■ **Data excerpt**
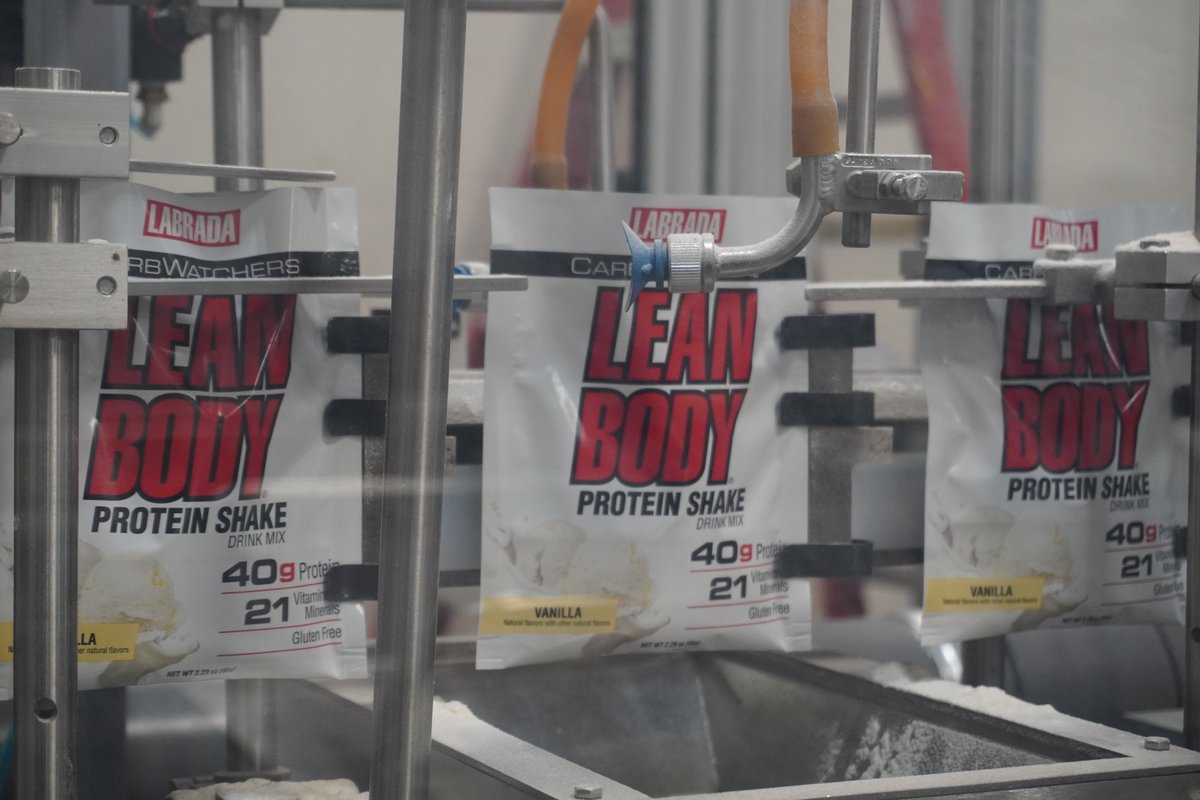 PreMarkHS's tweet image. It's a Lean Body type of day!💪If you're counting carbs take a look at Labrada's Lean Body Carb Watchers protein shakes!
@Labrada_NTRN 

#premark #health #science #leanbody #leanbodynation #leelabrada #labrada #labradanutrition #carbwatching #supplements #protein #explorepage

■ **How to complete this task**
Exclude the pictures, and transcribe all of the material exactly.

■ **Output for this exercise**
 PreMarkHS's tweet image. It's a Lean Body type of day!💪If you're counting carbs take a look at Labrada's Lean Body Carb Watchers protein shakes!
@Labrada_NTRN 

#premark #health #science #leanbody #leanbodynation #leelabrada #labrada #labradanutrition #carbwatching #supplements #protein #explorepage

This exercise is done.